Une phrase s’inscrit à l’initiale de ce livre : « Je ne suis pas un père. Ma semence se dessèche avec moi, elle n’a pas trouvé de chemin pour devenir ». C’est un fils qui s’exprime, et nous savons que c’est pour son père, pour lui prouver que ce fils bourlingueur qui avait fait tous les métiers, maçon, soudeur, ouvrier chez Fiat,… était aussi un écrivain, et plus encore un sage — prouesse qu’aucun fils ne saurait trop montrer à son géniteur —, qu’Erri De Luca vint lui mettre entre les mains, peu avant son agonie, son premier livre, Non ora, non qui (« Pas ici, pas maintenant », en italien) en 1989, son premier enfant. Un récit qui, de façon significative, s’ouvre sur l’interpellation filiale : « Tant que la lumière fut dans ses yeux, mon père… ».

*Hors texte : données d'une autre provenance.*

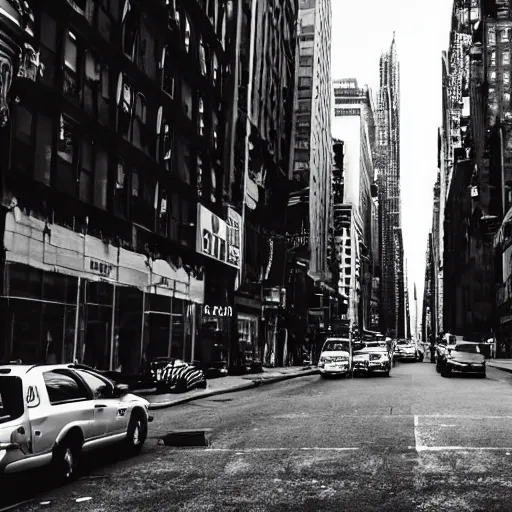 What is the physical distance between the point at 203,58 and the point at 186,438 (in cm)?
3198

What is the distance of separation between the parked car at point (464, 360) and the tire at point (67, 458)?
1162 inches

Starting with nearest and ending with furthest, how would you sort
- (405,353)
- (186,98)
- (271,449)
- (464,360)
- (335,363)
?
(271,449), (464,360), (335,363), (186,98), (405,353)

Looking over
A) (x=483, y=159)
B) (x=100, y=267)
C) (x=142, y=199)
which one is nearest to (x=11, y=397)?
(x=100, y=267)

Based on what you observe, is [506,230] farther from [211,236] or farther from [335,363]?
[335,363]

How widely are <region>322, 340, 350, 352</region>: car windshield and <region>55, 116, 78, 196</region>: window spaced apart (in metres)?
18.9

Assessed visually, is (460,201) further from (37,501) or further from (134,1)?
(37,501)

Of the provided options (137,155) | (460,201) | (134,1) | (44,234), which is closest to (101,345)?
(44,234)

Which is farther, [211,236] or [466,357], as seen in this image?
[211,236]

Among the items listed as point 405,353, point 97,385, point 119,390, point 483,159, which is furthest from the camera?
point 483,159

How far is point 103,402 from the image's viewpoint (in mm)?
10672

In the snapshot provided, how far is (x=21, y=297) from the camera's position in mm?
21547

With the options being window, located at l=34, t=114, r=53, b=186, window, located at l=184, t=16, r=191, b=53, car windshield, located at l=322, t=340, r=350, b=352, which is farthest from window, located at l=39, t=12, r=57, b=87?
car windshield, located at l=322, t=340, r=350, b=352

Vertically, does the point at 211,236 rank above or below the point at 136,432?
above

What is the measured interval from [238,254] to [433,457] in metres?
36.2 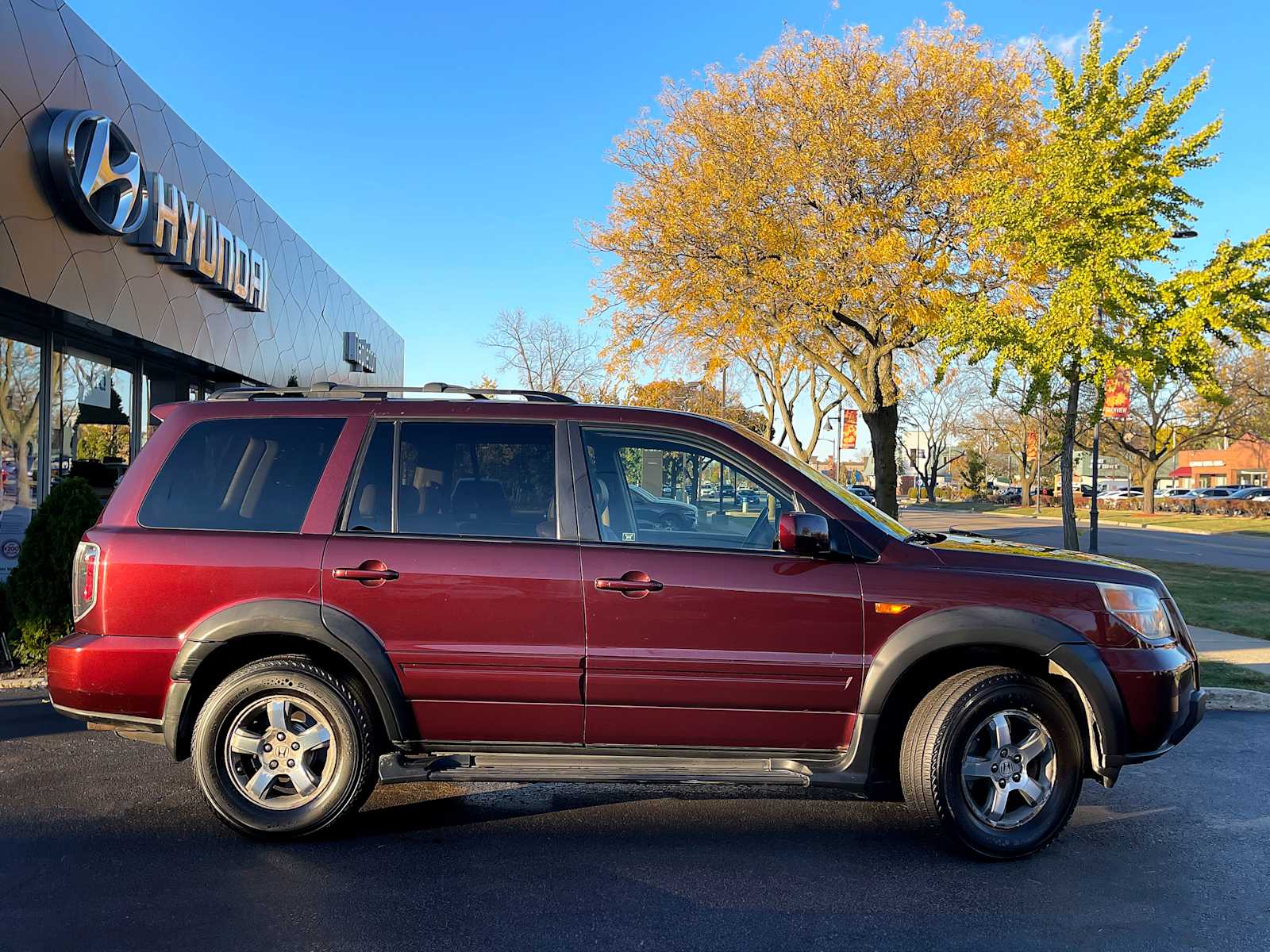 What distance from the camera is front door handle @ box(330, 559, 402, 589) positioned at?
3.85 m

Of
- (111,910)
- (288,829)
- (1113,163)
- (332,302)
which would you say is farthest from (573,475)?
(332,302)

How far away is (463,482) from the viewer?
13.5 ft

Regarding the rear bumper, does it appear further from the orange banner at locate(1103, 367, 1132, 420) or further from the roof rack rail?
the orange banner at locate(1103, 367, 1132, 420)

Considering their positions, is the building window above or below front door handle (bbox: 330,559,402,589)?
above

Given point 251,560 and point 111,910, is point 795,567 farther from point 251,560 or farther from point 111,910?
point 111,910

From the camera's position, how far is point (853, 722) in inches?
150

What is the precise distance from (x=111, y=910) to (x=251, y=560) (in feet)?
4.70

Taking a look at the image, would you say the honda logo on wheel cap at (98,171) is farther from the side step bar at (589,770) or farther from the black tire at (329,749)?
the side step bar at (589,770)

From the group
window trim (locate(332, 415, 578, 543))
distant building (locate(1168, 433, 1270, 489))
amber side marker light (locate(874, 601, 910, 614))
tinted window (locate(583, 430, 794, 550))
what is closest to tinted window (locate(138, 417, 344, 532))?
window trim (locate(332, 415, 578, 543))

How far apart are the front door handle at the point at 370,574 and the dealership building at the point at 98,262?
24.8 feet

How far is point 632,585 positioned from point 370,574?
116 cm

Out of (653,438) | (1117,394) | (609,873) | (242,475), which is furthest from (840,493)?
(1117,394)

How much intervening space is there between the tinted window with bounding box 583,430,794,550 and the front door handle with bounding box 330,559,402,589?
0.95 m

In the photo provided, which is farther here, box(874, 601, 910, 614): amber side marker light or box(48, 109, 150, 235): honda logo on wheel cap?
box(48, 109, 150, 235): honda logo on wheel cap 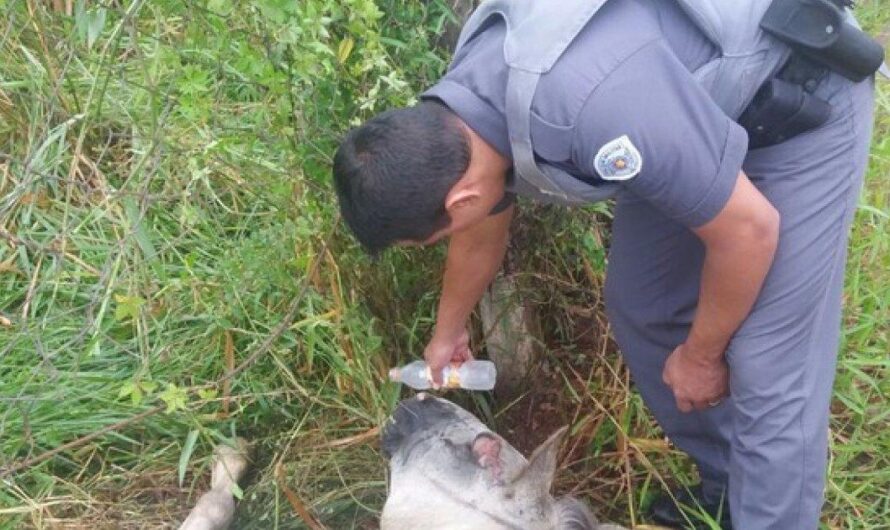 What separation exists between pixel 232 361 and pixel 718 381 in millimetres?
1431

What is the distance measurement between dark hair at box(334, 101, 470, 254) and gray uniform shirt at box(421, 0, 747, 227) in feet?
0.28

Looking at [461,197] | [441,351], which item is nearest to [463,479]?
[441,351]

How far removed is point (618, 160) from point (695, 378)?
71 centimetres

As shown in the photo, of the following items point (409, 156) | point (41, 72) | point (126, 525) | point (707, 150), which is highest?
point (707, 150)

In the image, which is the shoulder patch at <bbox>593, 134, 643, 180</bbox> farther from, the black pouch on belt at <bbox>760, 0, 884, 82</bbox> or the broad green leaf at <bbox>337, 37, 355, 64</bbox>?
the broad green leaf at <bbox>337, 37, 355, 64</bbox>

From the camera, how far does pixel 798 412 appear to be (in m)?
2.24

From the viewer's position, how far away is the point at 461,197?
199 centimetres

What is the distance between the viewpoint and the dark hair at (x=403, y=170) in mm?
1933

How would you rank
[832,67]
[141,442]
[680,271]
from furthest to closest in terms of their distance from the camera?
1. [141,442]
2. [680,271]
3. [832,67]

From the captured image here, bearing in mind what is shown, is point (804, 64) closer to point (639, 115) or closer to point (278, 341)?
point (639, 115)

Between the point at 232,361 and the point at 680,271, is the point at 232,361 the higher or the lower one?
the lower one

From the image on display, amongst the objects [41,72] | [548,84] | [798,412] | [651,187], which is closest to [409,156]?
[548,84]

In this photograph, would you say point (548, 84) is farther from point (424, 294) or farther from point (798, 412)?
point (424, 294)

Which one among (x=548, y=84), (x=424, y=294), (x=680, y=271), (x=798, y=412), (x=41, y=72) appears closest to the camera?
(x=548, y=84) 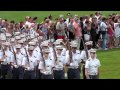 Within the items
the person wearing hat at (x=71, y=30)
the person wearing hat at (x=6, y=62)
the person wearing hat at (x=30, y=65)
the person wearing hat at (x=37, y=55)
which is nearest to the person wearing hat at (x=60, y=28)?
the person wearing hat at (x=71, y=30)

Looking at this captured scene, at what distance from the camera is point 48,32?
28047mm

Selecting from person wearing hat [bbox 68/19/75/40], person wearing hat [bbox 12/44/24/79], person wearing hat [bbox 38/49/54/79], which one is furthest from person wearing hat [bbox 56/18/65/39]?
person wearing hat [bbox 38/49/54/79]

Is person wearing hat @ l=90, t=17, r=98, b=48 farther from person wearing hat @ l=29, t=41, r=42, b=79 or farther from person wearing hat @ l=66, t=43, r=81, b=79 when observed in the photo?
person wearing hat @ l=66, t=43, r=81, b=79

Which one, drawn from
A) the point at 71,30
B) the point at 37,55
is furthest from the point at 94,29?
the point at 37,55

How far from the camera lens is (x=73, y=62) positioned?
20.2 m

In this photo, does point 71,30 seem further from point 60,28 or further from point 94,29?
point 94,29

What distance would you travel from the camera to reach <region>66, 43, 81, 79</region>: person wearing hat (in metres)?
20.1

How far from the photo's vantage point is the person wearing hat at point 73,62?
66.1 ft

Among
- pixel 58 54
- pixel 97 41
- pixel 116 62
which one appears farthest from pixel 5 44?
pixel 97 41

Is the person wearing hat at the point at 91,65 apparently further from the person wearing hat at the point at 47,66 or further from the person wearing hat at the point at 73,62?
the person wearing hat at the point at 47,66

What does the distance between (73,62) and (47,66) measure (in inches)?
40.5

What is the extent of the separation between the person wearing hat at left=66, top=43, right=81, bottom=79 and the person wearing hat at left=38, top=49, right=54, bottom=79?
27.2 inches

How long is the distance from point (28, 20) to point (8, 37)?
12.5ft

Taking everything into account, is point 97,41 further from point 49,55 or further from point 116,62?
point 49,55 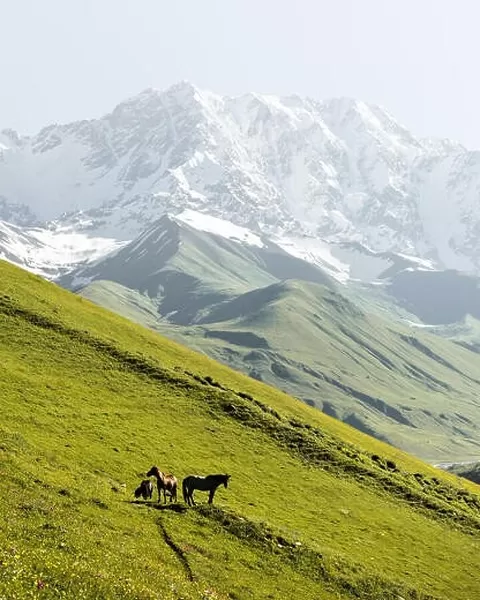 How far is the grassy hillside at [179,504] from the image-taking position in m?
31.7

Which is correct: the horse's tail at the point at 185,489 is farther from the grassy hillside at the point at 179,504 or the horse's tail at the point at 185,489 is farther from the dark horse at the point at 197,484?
the grassy hillside at the point at 179,504

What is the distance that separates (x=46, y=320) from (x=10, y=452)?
34.2 meters

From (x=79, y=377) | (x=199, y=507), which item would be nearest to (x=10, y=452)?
(x=199, y=507)

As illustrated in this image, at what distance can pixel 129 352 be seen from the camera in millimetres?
73188

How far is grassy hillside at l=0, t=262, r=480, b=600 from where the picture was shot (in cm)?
3172

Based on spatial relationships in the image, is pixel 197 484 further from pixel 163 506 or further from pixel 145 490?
pixel 145 490

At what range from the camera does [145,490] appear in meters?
42.4

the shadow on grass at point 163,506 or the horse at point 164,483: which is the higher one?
the horse at point 164,483

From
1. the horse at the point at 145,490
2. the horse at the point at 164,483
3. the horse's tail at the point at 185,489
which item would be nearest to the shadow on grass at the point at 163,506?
the horse at the point at 145,490

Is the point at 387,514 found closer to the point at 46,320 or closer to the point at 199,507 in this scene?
the point at 199,507

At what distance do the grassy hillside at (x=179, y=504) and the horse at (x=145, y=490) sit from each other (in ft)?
2.81

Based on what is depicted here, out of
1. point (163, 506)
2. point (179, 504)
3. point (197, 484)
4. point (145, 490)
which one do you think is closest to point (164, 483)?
point (145, 490)

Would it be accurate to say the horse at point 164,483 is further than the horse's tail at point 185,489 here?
No

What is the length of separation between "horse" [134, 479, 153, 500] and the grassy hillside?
2.81 feet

Une phrase qui, tel le premier atome de l’univers, prélude au Big Bang de la grande oeuvre dont nous lisons aujourd’hui les Itinéraires. Et c’est que, pour cet enfant de Naples, cette ville qui naguère s’illustra à l’écran sous ce titre Naples au baiser de feu, la lumière est vie, et feu de Dieu, ainsi qu’il nous le dira en glosant sur l’épisode du « Buisson ardent » où Moïse, le prophète bégayant — tout comme le fut Erri dans son adolescence — et oracle du judaïsme, se déchausse sur la terre brûlante et chante le mystère de la vie et des lois. Et là, Erri De Luca se livre à une interprétation astucieuse et cabalistique : partant de l’idée que les bègues ne le sont plus quand ils chantent, il se livre à un calcul numérique et cela aboutit à : « Ôte tes sandales », Shàl nealèkha, a la même valeur numérique (510) que shir il chante ». Erri conclut donc : « Moïse dénude ses pieds et il chante » (Comme une langue au palais, 2006). Avec Erri De Luca, nous pénétrons ainsi dans l’esprit magique, c’est dire la séduction de chacune de ses pages.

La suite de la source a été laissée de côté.